Today was my son’s 6th birthday party.  He’s actually six tomorrow but we had the party today.  We decided to go with a Lego Theme birthday party and had so much fun preparing it.  We started on Tuesday by preparing melted crayons to make into lego men.  Then the rest of the week was busy printing stuff off, running to and from the kitchen to the living room to the bedroom just to make sure that all was taken care of for the party and for my family.  Birthday parties are always big in our house.  I’m not sure why….we just seem to make it that way.  This year I wanted to downscale.  I didn’t want to spend hundreds and hundreds of dollars on a birthday party.  So I decided to go with the cheapest rental we could get (my house is in renovations stage) and play old fashioned birthday games.

I had the day off Friday and so after getting E off to school I headed to Walmart, Sobeys and the dollar store.  I had about $200 to spend and $75 of that was for the rental…so I knew that I didn’t have much to go with (and had really hoped not to spend that much).  My husband had two weeks off in a row where there wasn’t any work for him and so we are just trying to catch up on bills now…so the less spending that we could do the better.

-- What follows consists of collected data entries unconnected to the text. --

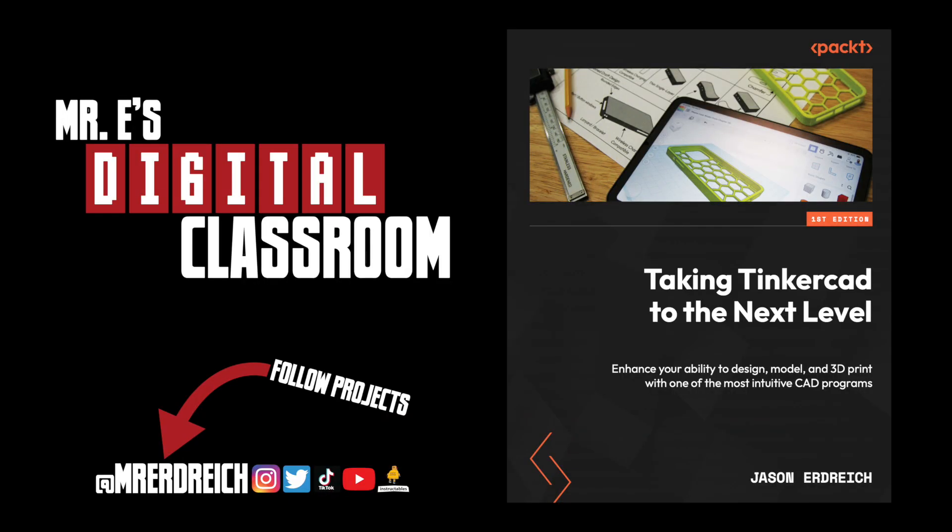And of course, please don't forget to subscribe and find more tutorials and guides on my YouTube channel. And don't forget to check out this book if you want to learn more about advanced Tinkercad modeling skills and 3D printing.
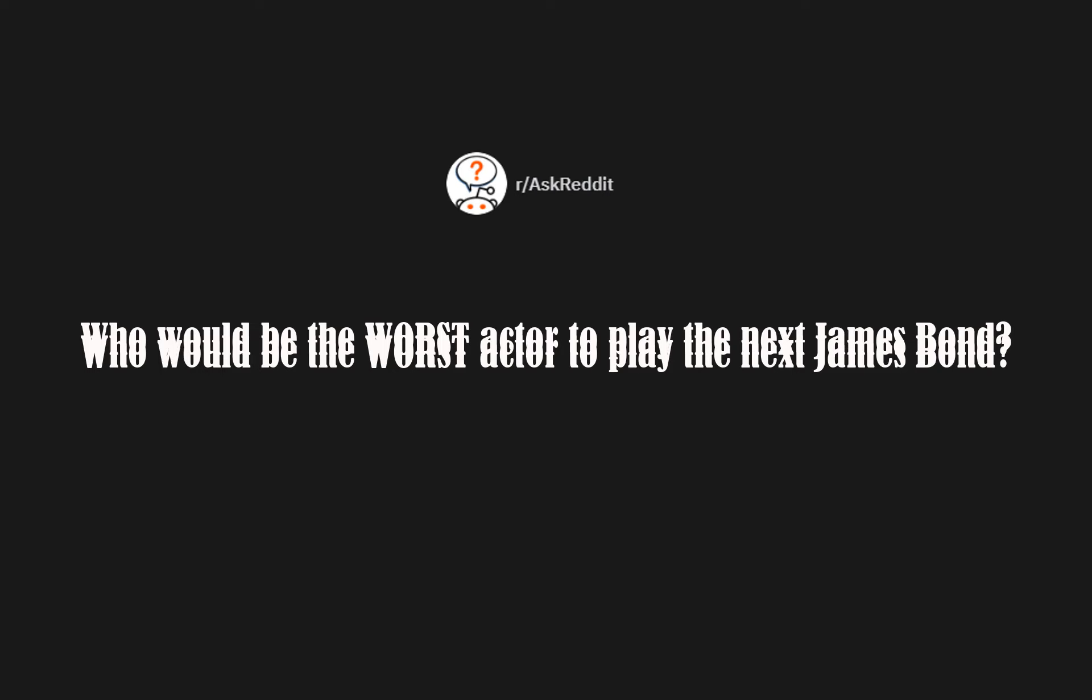r/AskReddit: Who would be the worst actor to play the next James Bond? Pauly Shore. Shaken not stirred.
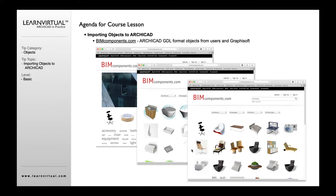One of the options we have to access other GDL objects developed specifically for Archicad is BIMComponents.com. BIMComponents is developed by Graphsoft — it's similar to 3D Warehouse, which is developed for SketchUp. This allows you to access efficient Archicad objects, some of which you may already recognize from Archicad, and many others posted by Archicad users or BIMObject.com. There are manufacturer objects in addition to user objects.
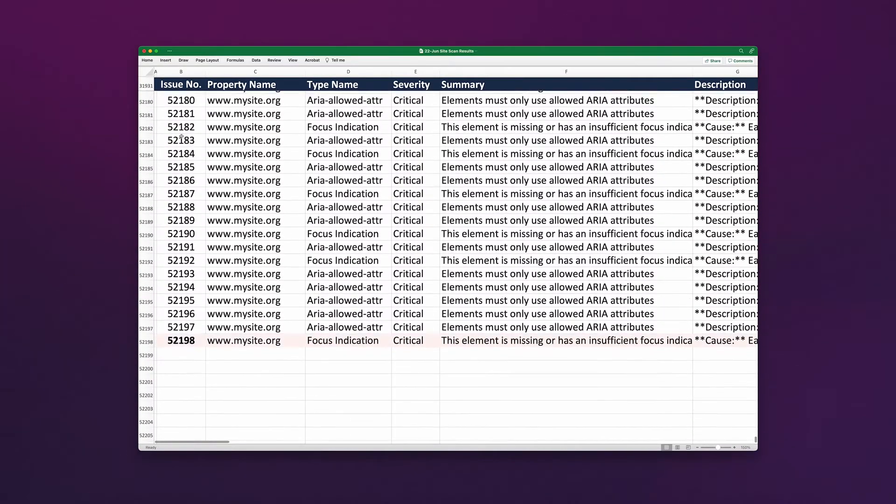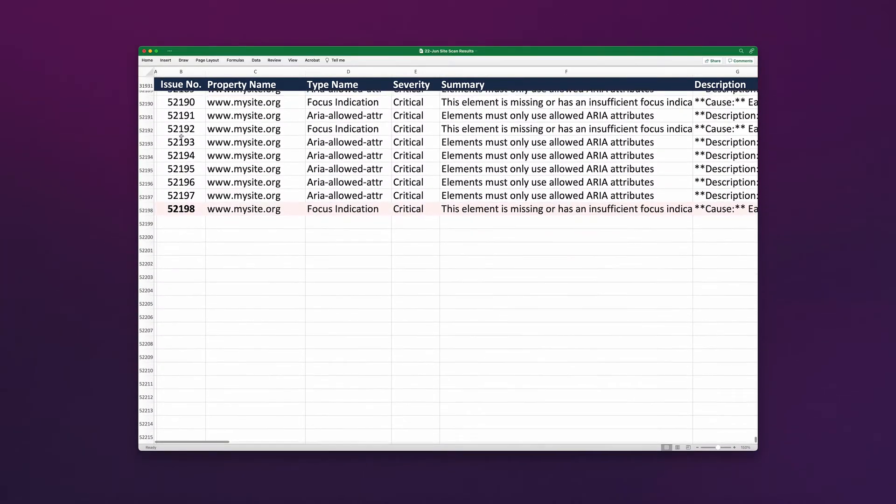Oh, hi there. I'd love to do the show, but I'm still reading the accessibility report I got from my website. We're at about 52,198 issues long.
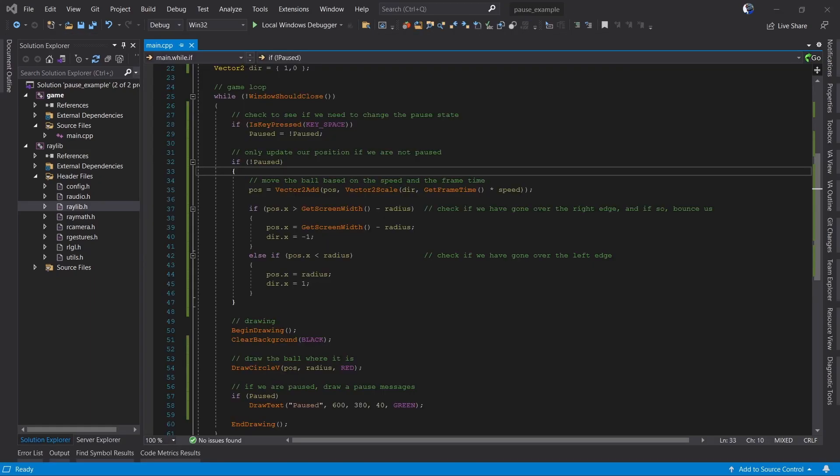This concept of global state is used for all kinds of things. You can use it for any menus, screens, loading, saving. Any state you want to track, you simply make a variable for it. You can use booleans, enumeration, and integer. Whatever works for you, just as long as you know what the value means. And then when you're doing your game loop, you simply switch what you're doing based on that.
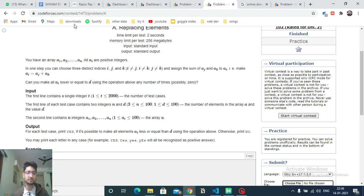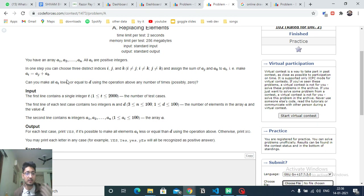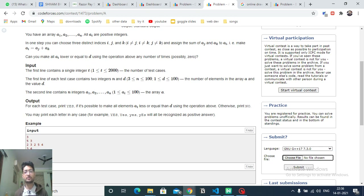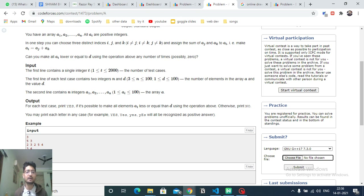The question is: can you make all elements in the array less than or equal to d? You can do any number of operations — pick two elements, add them, and set that sum as the i-th element. If you can make all elements less than or equal to d, return 'Yes', otherwise return 'No'.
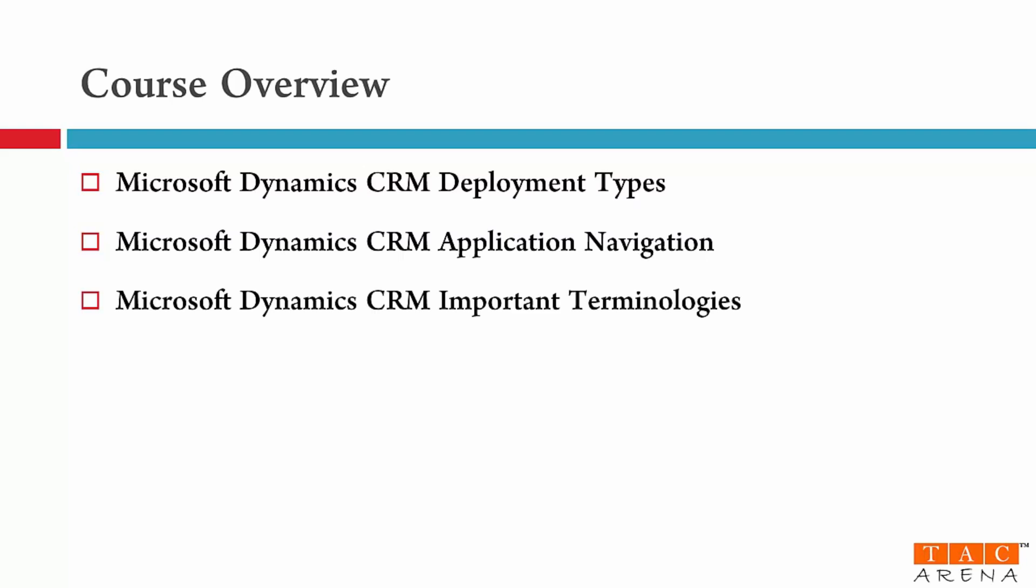For a consultant it's very critical to understand business language and the product terminologies. This helps you build confidence and people recognize you as an expert. So in this module number three I will tell you some important terminologies that you should be aware of.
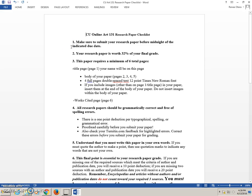Hello, this is your Campbell University Online 131 Research Paper Checklist. You can look on your syllabus for a very long explanation of your research paper.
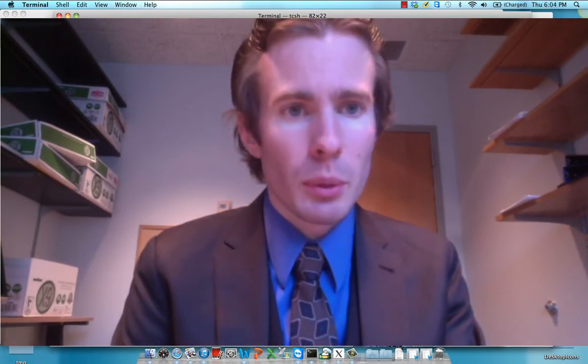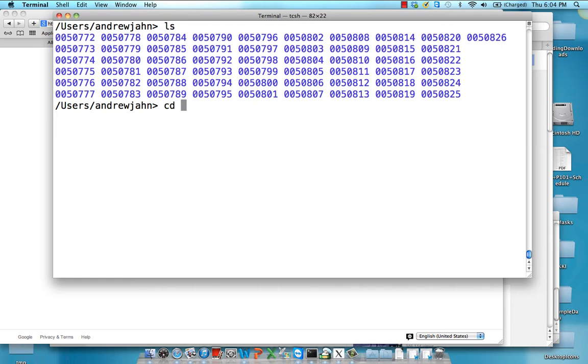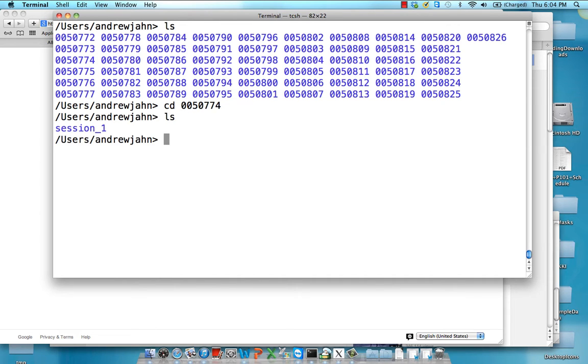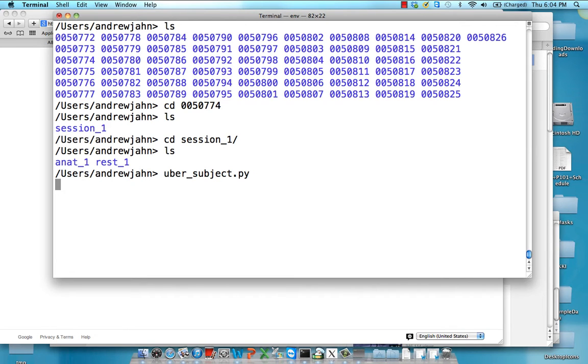So what I'm going to show here is just a simple dataset and how we would set this up with uber_subject. Within each of these we have session one, and then we have an anatomical and a resting state dataset. So from here I'm going to boot up uber_subject.py.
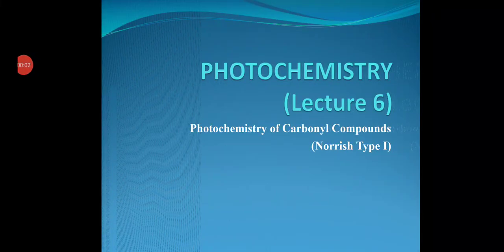Hello everyone and welcome to photochemistry lecture 6. In the earlier lectures we have discussed some basic concepts of photochemistry. In lecture 4 we discussed photoisomerization reaction, and in lecture 5 we discussed the di-pi-methane rearrangement reaction. Today we are going to discuss Norrish Type 1 reaction, and in the next lecture we will discuss Norrish Type 2 reaction in detail.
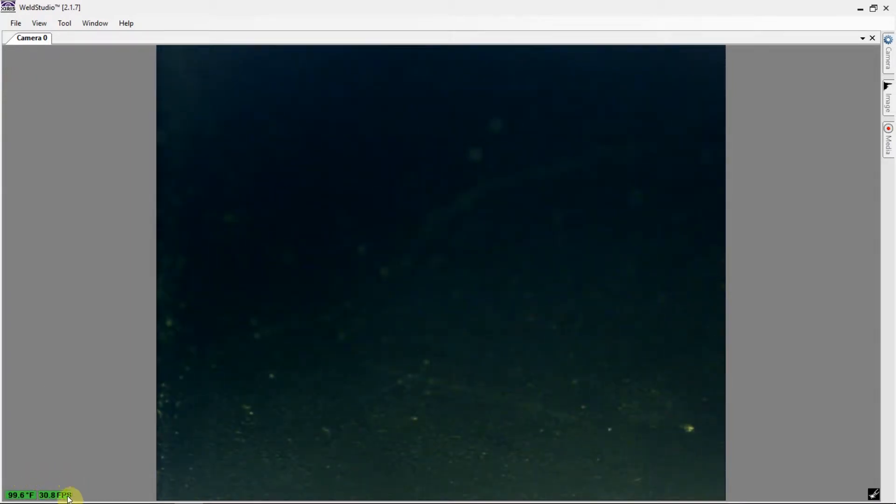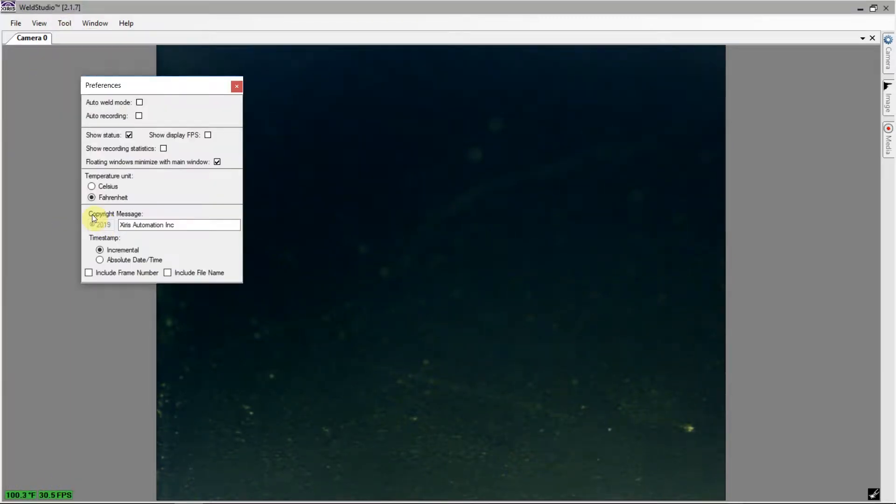Temperature of the camera and frame rate will always be displayed on screen for easy monitoring. Temperature units can be displayed in Fahrenheit or Celsius.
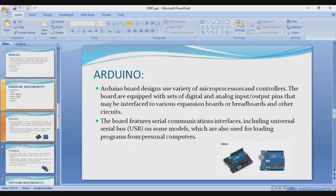Arduino boards are designed for a variety of microprocessors and controllers. The boards are equipped with a set of digital and analog input and output pins that may interface with various expansion boards, breadboards, and other circuits. The board features serial communications interfaces including Universal Serial Bus (USB), which on some models is also used for loading programs from personal computers. You can see the Arduino in this diagram.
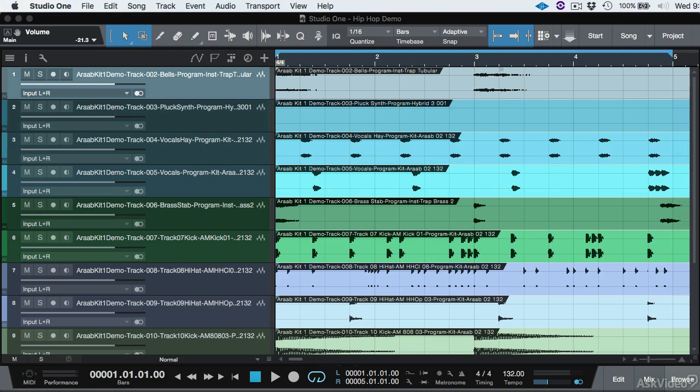So now that we have our files in our session, what do we do next? Start mixing? Nope, not yet. What we want to do is organize our session.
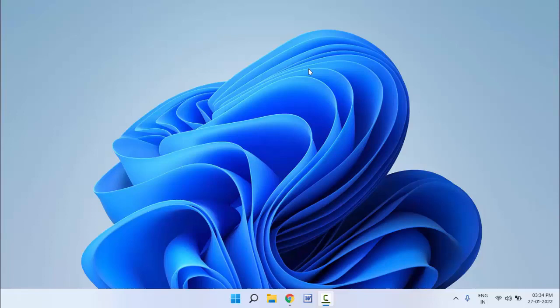Hello guys, how are you? Hope you all are doing well. Today I am back with one of the most interesting videos. In this video tutorial, we will learn how to insert symbols on your Windows 11.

Well….an hour and a half later that money was GONE.  :(  I got the lowest price I could on hot dog buns…as well as hot dogs.  We decided not to do treat bags but to pass out lego figure crayons that we had made with coloring pages.  (The kids don’t eat half the treats anyway…and they dont need them).  Since we were playing games, though, we needed prizes.  I found the “cheapest” prizes I could find at the Dollarstore….but seriously when all was said and done I maybe only spent about $5 that I didn’t need to spend.  Then there was the cake…which my hubby made.  That probably cost us about another $50 after all was said and done.

So…I probably spent close to $300.

We got home…I was tired…but hubby was determinded to get rid of the rest of the cake.  He went down to see if our neighbour down the road needed cake.  I didn’t know he was headed that way.  I thought he was headed to the kids across the road.  So I started unloading the trunk of the car.  After the third trip from the car to the house I was getting really really really annoyed that he hadn’t come back yet.  I thought to myself… “he’s probably talking to somebody…chatting it up like he always does”.  The fourth load went in the house and I came back for the fifth load.  I was tired…I was getting cranky and really annoyed.  I thought well maybe something happened and he needed to help somebody.  I came in the house and started doing the dishes from the cake making the night before.  (Hubby makes the cake and I clean up…sounds about right eh?)  After about five minutes of doing the dishes and running into the living room a few times to see what E wanted I was over the moon annoyed at my husband.  All I wanted to do was sit down after finishing cleaning up and relax…after all I had been on the go since seven this morning with party stuff.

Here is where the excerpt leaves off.